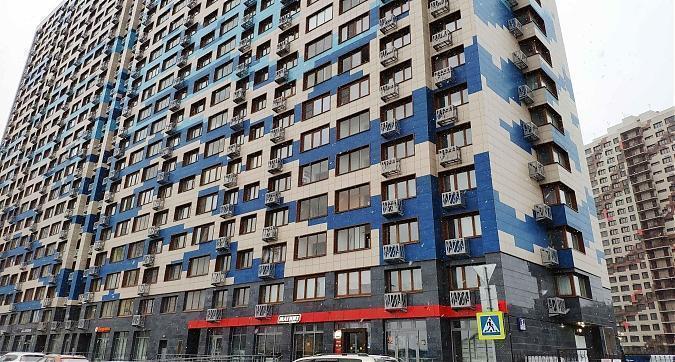 ЖК Белые Росы, корпус Лазурь, вид с ул. Сосновой, фото 1 Квартирный контроль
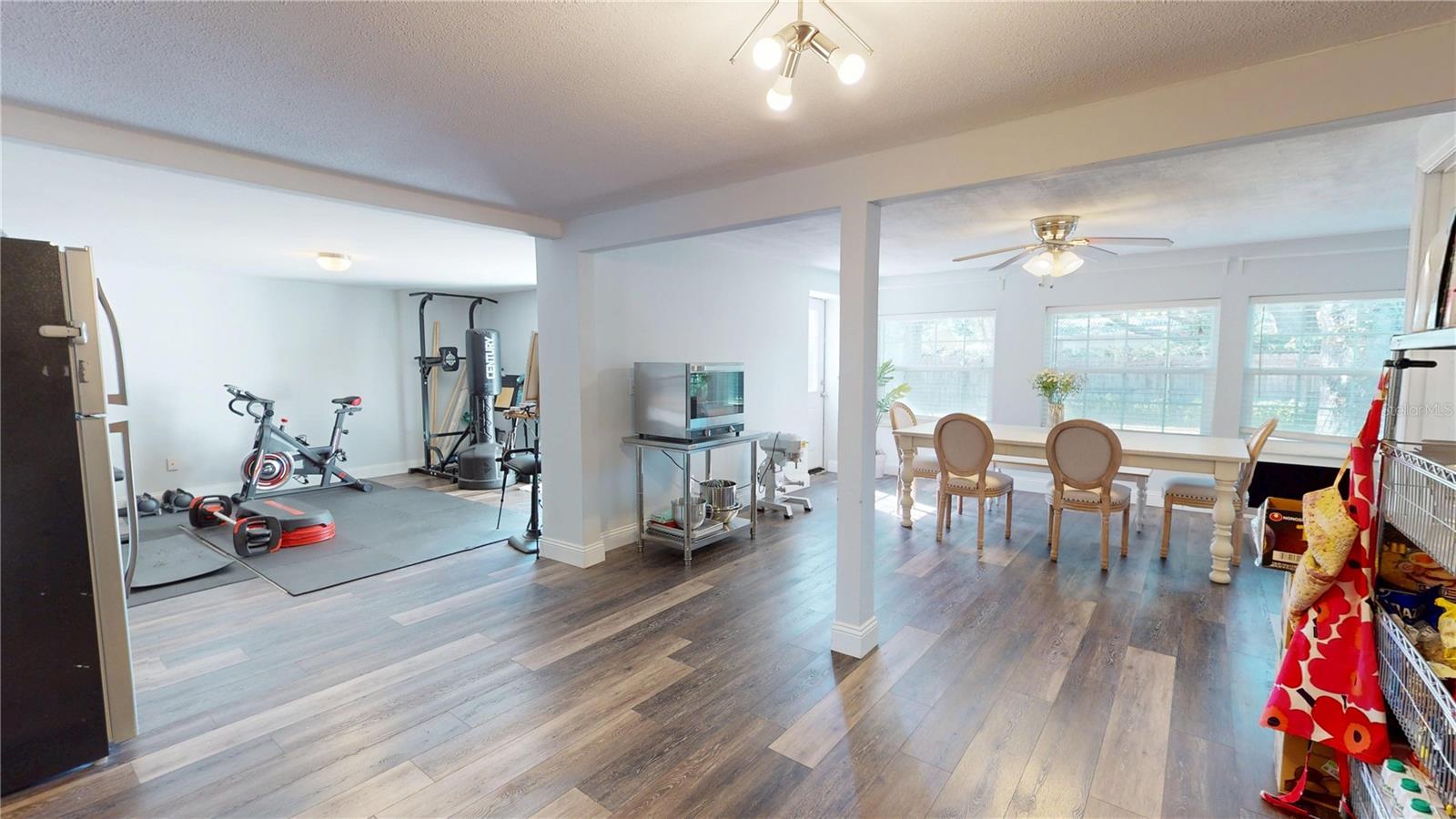 DUNEDIN ISLES COUNTRY CLUB - Residential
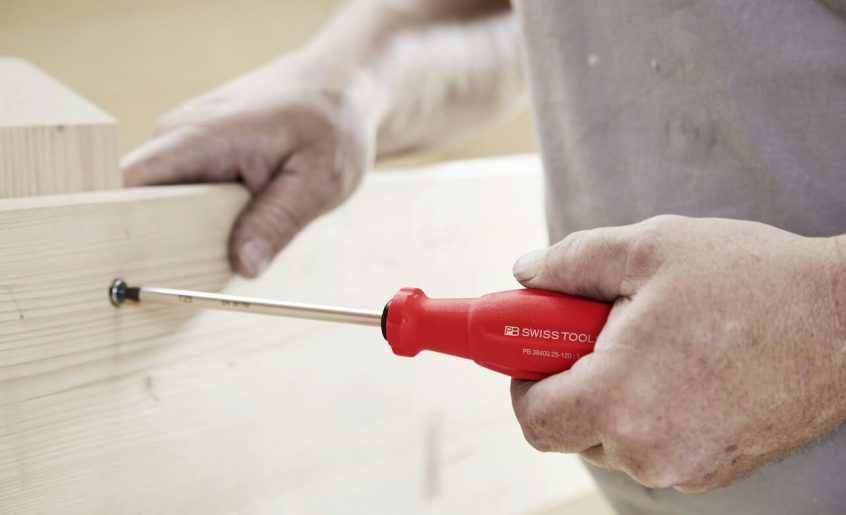 crveni-odvijac-drvena-daska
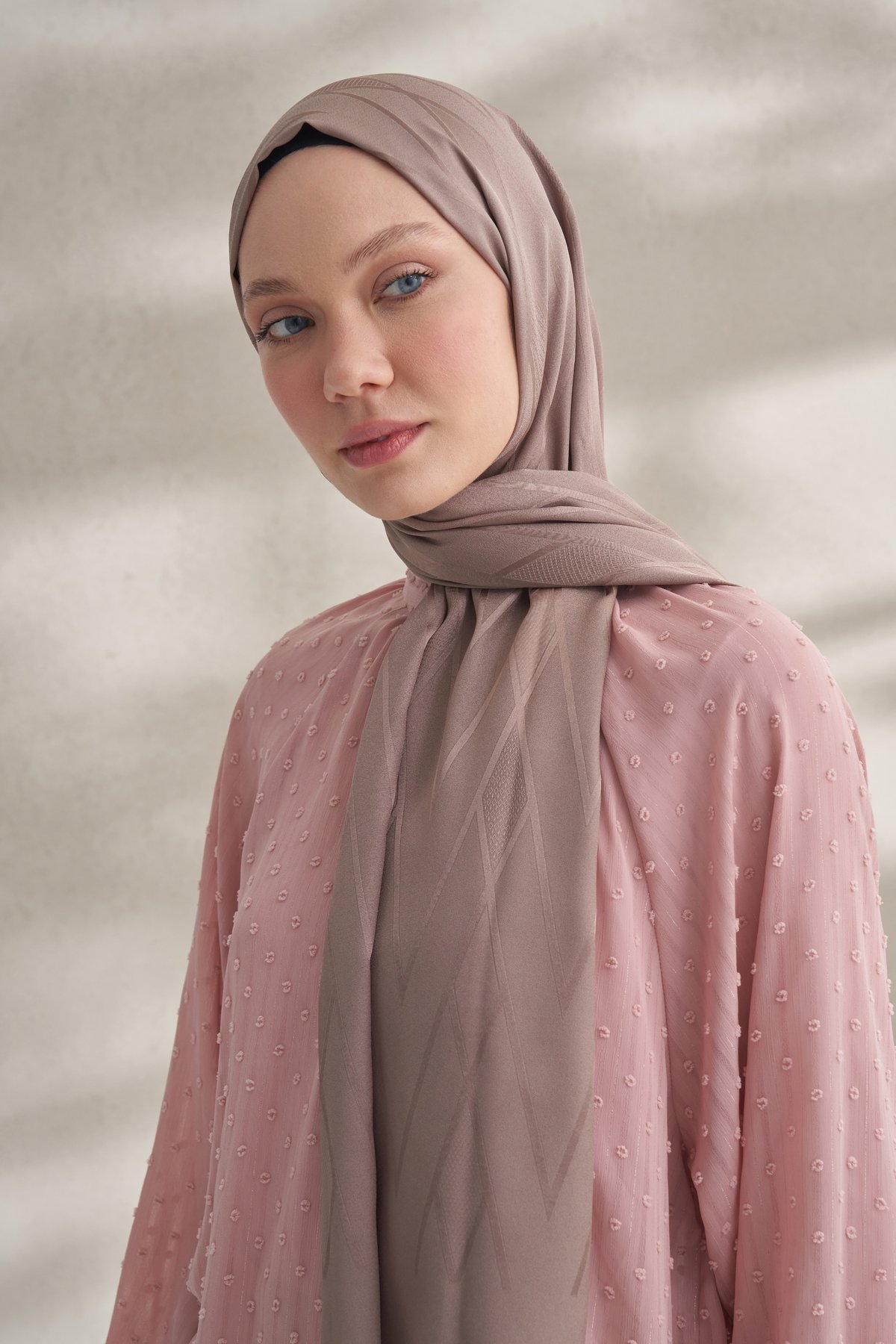 KREP JAKAR PRİZMA DESEN ŞAL -  VİZON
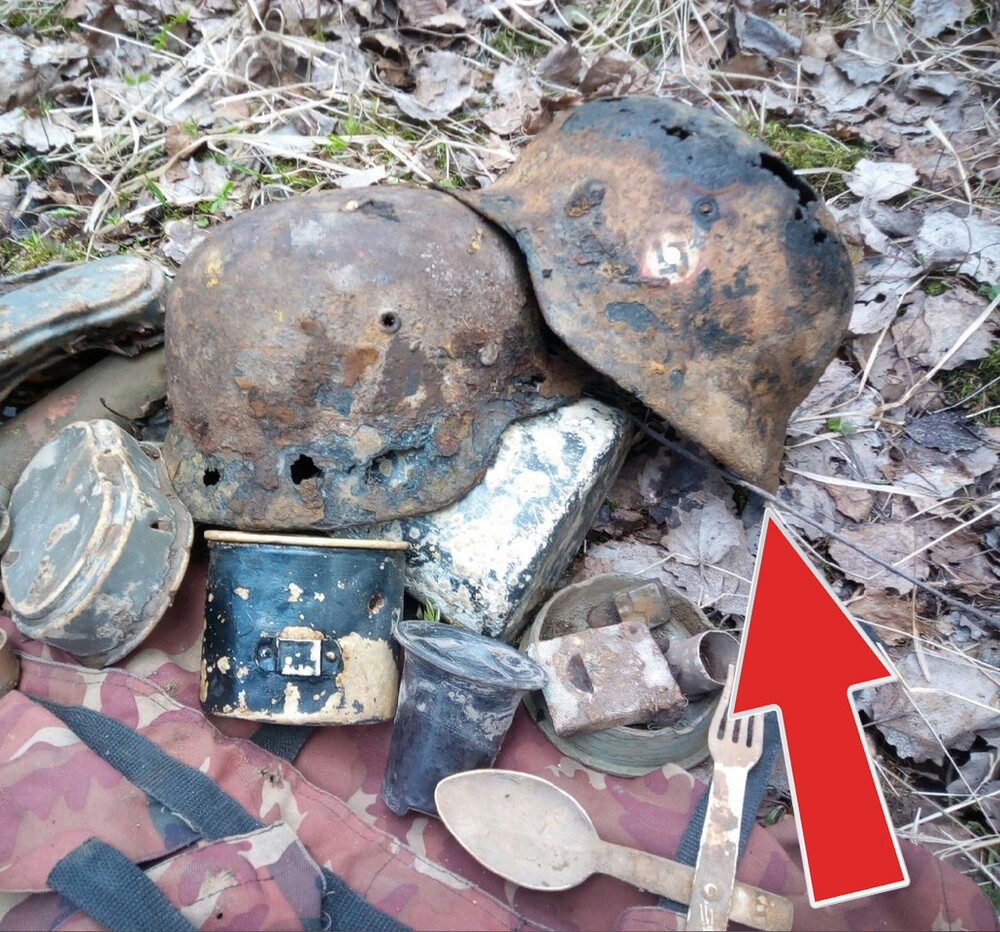 Waffen SS helmet M35 DD / from Demyansk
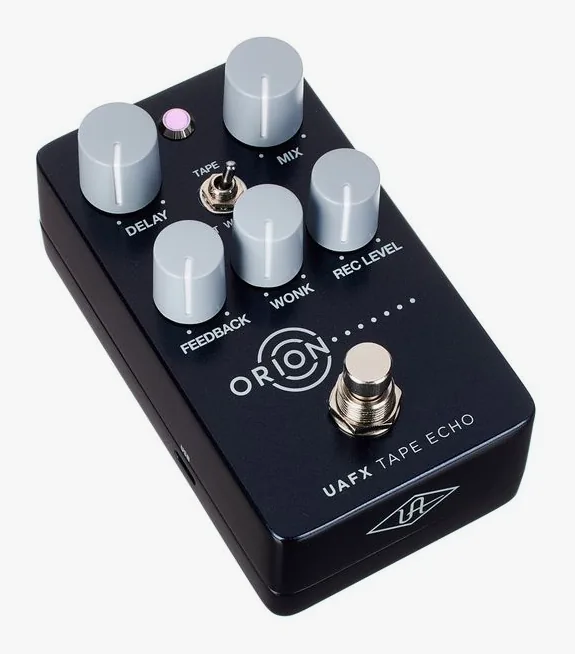 Universal Audio UAFX Orion Tape Echo, złącza z tyłu urządzenia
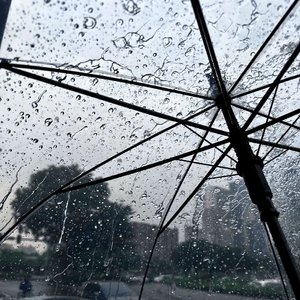 地铁里空荡的心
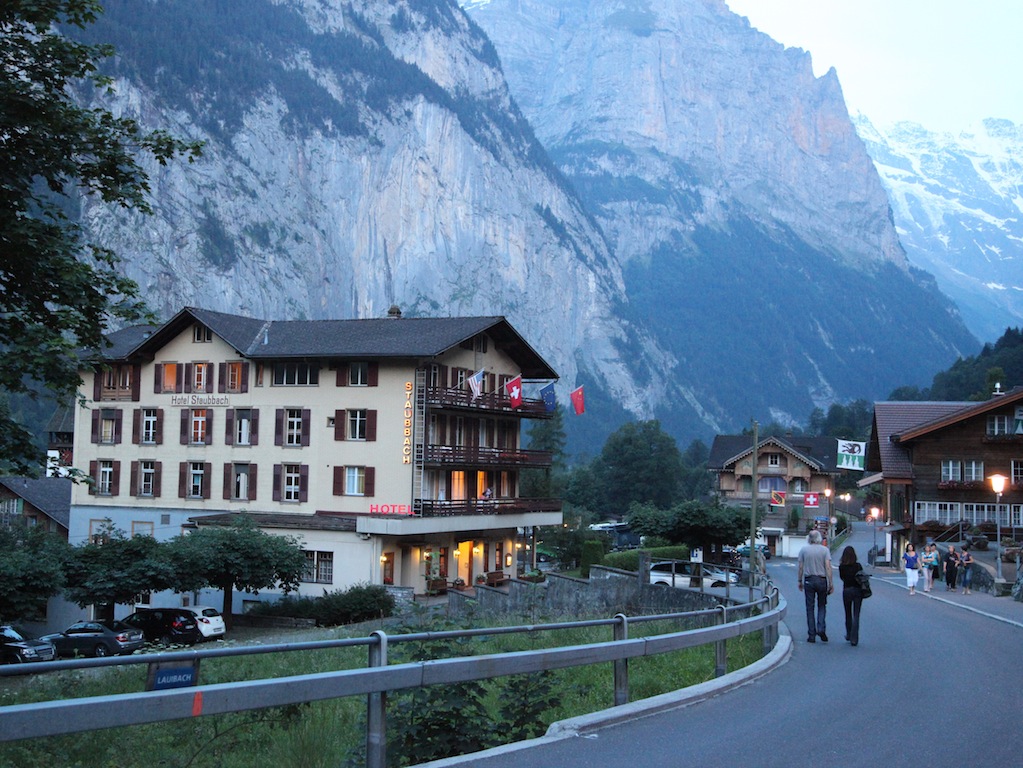 an evening stroll back to our hotel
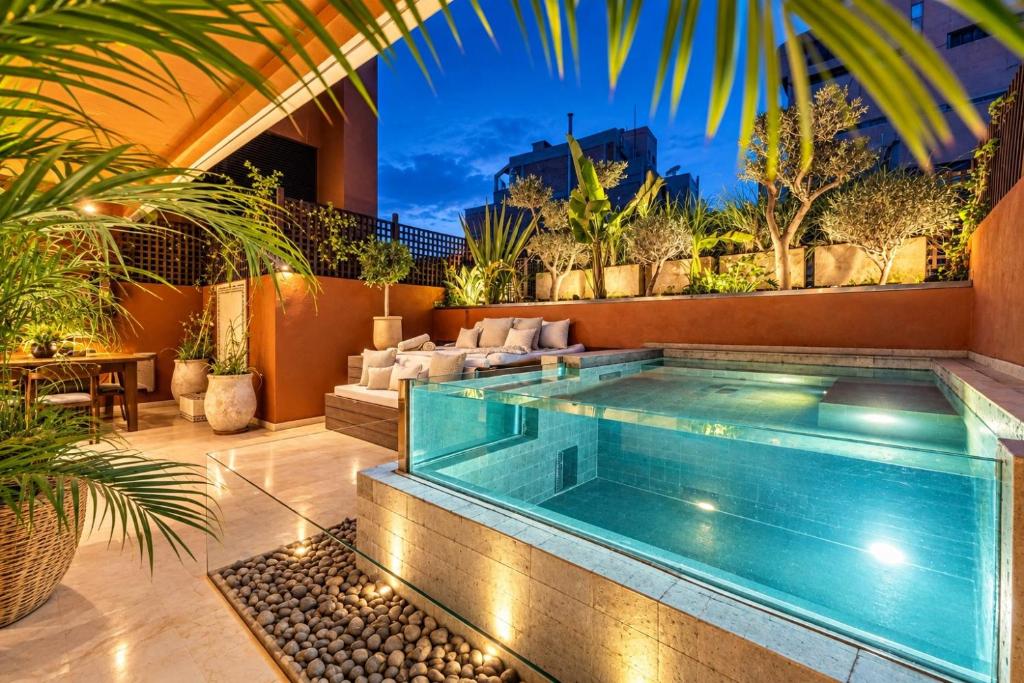 Luxury 2-Bedroom Apartment in City Center Jacuzzi & Heated Pool, Marrakech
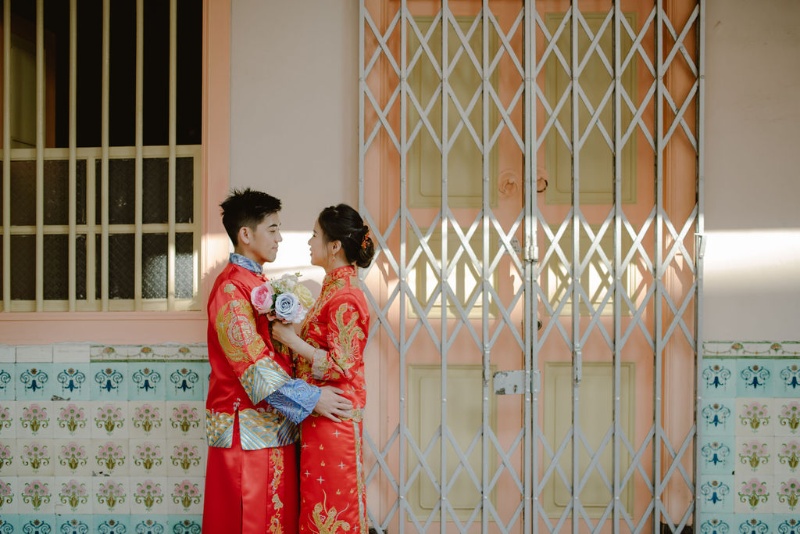 M&C: Singapore Outdoor Pre-wedding in traditional wedding outfit by Samantha on OneThreeOneFour 7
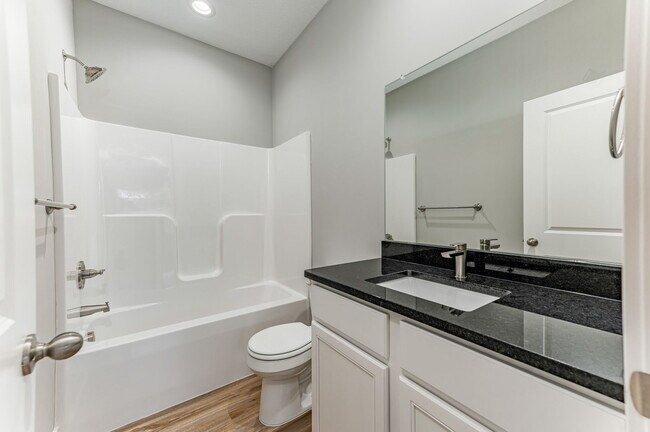 Photo - 407 SE 14th St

YOUR INSTRUCTIONS
The output must match the records word for word, except that no pictures appear.

ANSWER
 ЖК Белые Росы, корпус Лазурь, вид с ул. Сосновой, фото 1 Квартирный контроль
 DUNEDIN ISLES COUNTRY CLUB - Residential
 crveni-odvijac-drvena-daska
 KREP JAKAR PRİZMA DESEN ŞAL -  VİZON
 Waffen SS helmet M35 DD / from Demyansk
 Universal Audio UAFX Orion Tape Echo, złącza z tyłu urządzenia
 地铁里空荡的心
 an evening stroll back to our hotel
 Luxury 2-Bedroom Apartment in City Center Jacuzzi & Heated Pool, Marrakech
 M&C: Singapore Outdoor Pre-wedding in traditional wedding outfit by Samantha on OneThreeOneFour 7
 Photo - 407 SE 14th St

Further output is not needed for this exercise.